Before coming to Anniston, McGrady was chief at the Rockford Police Department in Coosa County.
“I was chief when I came here and had to work my way back up,” McGrady said.
In 2010, McGrady was named chief of the Anniston Police Department after serving as interim chief for two months when John Dryden retired.
Knowing from experience how long it can take for a new police chief to be named, McGrady said he believes it could be close to a month before his successor is chosen.
Capt. Richard Smith’s retirement earlier this month opened up room in the Police Department for several promotions. McGrady’s retirement also lends itself to changes within the department.

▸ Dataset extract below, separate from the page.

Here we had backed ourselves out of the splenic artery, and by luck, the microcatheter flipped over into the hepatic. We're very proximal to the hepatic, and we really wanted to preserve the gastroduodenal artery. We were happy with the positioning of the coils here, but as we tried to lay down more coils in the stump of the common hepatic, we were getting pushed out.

Lt. Josh Doggrell, a former sergeant in the investigative division, was promoted to lieutenant commanding officer of a patrol shift. Doggrell said his position change came after Allen George was promoted from lieutenant to captain.

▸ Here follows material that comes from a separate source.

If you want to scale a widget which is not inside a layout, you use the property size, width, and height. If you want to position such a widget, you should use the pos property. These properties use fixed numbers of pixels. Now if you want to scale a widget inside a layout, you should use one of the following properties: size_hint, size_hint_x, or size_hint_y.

Doggrell said there have been a lot of changes within the department, including several other promotions, in a short period of time.
“Any time you lose that kind of experience, I think you’re always going to have some growing pains,” Doggrell said.
Sudden changes like these usually involve “having some people step up and get acclimated quickly to new things,” Doggrell said.
Capt. George, who now oversees the uniform patrol division, said he’s always considered McGrady a mentor.
“His mentality is one of doing what he always thought best for the officers,” George said.
George said he’s worked for McGrady in some capacity for the entirety of his 19-year career.
According to George, McGrady loves jokes and enjoys having fun, but when it came down to business he always put being an officer of the law first.
“One of the best things I think every leader needs to possess in this business is still being a cop at heart,” George said. “He’s still a cop.”
George said he’s confident the city manager will pick the best candidate for the job when it comes to choosing one of three captains eligible to be the new chief.
City Manager Don Hoyt said the three eligible captains will need to pass a written test. Hoyt will be given the test scores and each candidate will be called in for an interview, the city manager said. After these steps are taken, Hoyt will choose McGrady’s successor.
When asked how long the entire process could take, Hoyt said he was unsure especially since the Civil Service Board secretary is retiring, too.
“That’s going to be a snag in the process,” Hoyt said.
Until a new chief is named, the Anniston Police Department will look to Capt. Shane Denham as interim chief, Hoyt said.
McGrady said the three captains eligible to become chief are Bill Wilburn, Chris Roberson and Shane Denham. The chief described the test each captain will take as in-depth and covering a wide variety of subjects.
McGrady said the job has given him more memories than he can count and some that he would like to forget. Retirement has McGrady looking forward to camping and traveling with his wife. “I’m going to basically take it easy for a while,” he said.